Quel che è certo è che invece proprio grazie agli scacchi il campione russo sfuggì per miracolo al “braccio della morte” del carcere di Odessa, dal quale nel 1919 venivano eliminati decine di prigionieri ogni settimana (oltre mille in pochi mesi). E come allora ciò fu possibile, in verità?
Avvenne che, dopo tre mesi di detenzione, un mattino il comandante del carcere passò per i corridoi chiamando ad alta voce alcuni nomi: erano quelli destinati alla fucilazione. La sua cella venne aperta. Un giovane agente della “Cheka”, la polizia segreta, con in mano la lista dei condannati, si rivolse a lui all’ultimo momento: “Alekhine?? Sei per caso parente del famoso giocatore di scacchi?”. “No, in verità quello sono proprio io”. Il giovane non ci pensò troppo, lo cancellò dalla lista e qualche giorno dopo Alekhine venne rilasciato. Una vera e propria salvezza in zeitnot!
Come noto, Alekhine, uscito dal carcere, fece di tutto per ottenere l’autorizzazione a lasciare la Russia. L’ultimo torneo in terra russa da lui vinto fu il Campionato di Mosca del 1920. Nel 1921 si trasferì in Francia (non è stato mai accertato se clandestinamente o con un visto), non facendo mai più ritorno nel suo Paese natìo.
In ogni caso Lev Trotsky (che sarebbe stato assassinato in Messico nel 1940) non era un giocatore occasionale, ma un vero intenditore e appassionato. A Vienna lo vedevano spesso entrare sotto le magnifiche volte del Café Central, dove incrociò un giorno i suoi pezzi anche con Vladimir Uljanov, ovvero Lenin. A Parigi nel 1914 pare frequentasse spesso, per giocare a scacchi, il Café “La Closerie des Lilas”, dove conosceva personalmente i camerieri.

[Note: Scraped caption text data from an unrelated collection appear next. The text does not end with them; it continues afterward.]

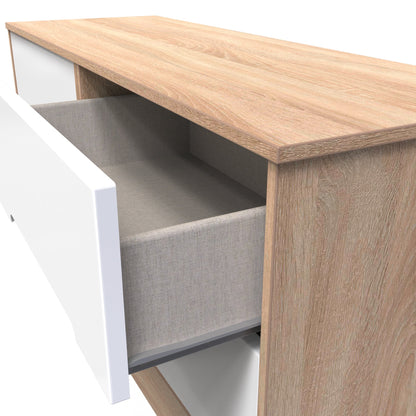 Monaco Large Chest of Drawers White & Oak 4 Drawers 115cm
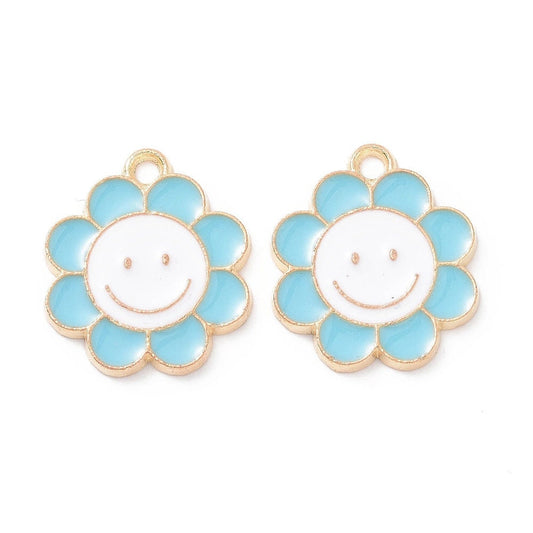 18.5MM x 16MM Smiling Flower (Blue, Light Pink, Dark Pink), Floral Themed Enamel Charm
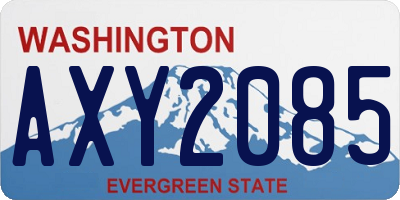 WA license plate AXY2085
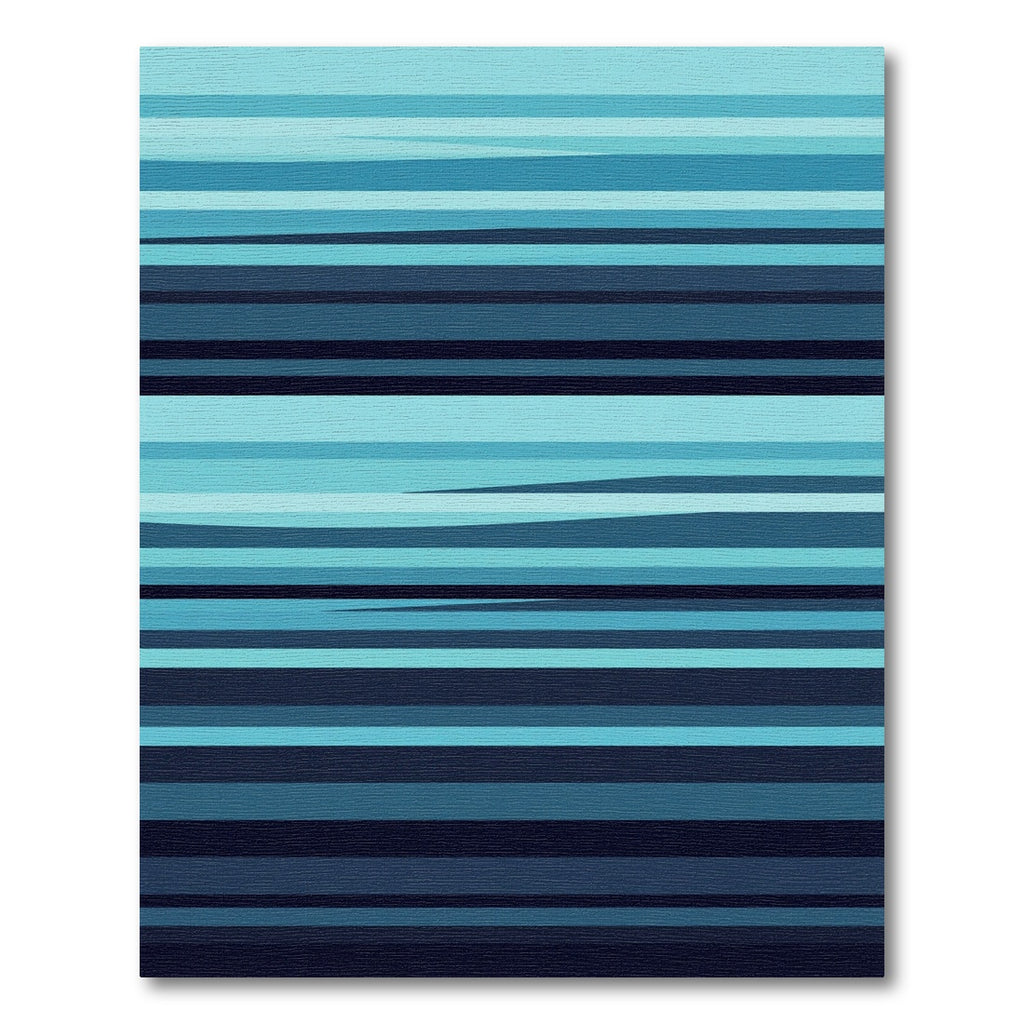 Modern Blue Ombre Linear Stripe Rug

Forse molti non immaginano, o meglio non ricordano, quale era il vero cognome di Lev Trotsky. Ebbene, era Lev Davidovich Bronstein, come il suo connazionale vice-campione del mondo nel 1951, David! Che curiosa coincidenza, vero?
Insomma, Alekhine è diventato campione del mondo grazie anche a quel pizzico di determinante fortuna che ebbe davanti a quella cella di Odessa nel luglio del 1919. E’ proprio vero: “le vie del Signore sono infinite”. Anche quelle degli scacchi, evidentemente. E quelle della politica. Non dobbiamo mai smettere di sperare.
Bella storia! Forse tutta vera, forse solo in parte. La considerazione finale è però certamente tutta vera. Mai smettere di sperare e in politica questo vale anche di più!!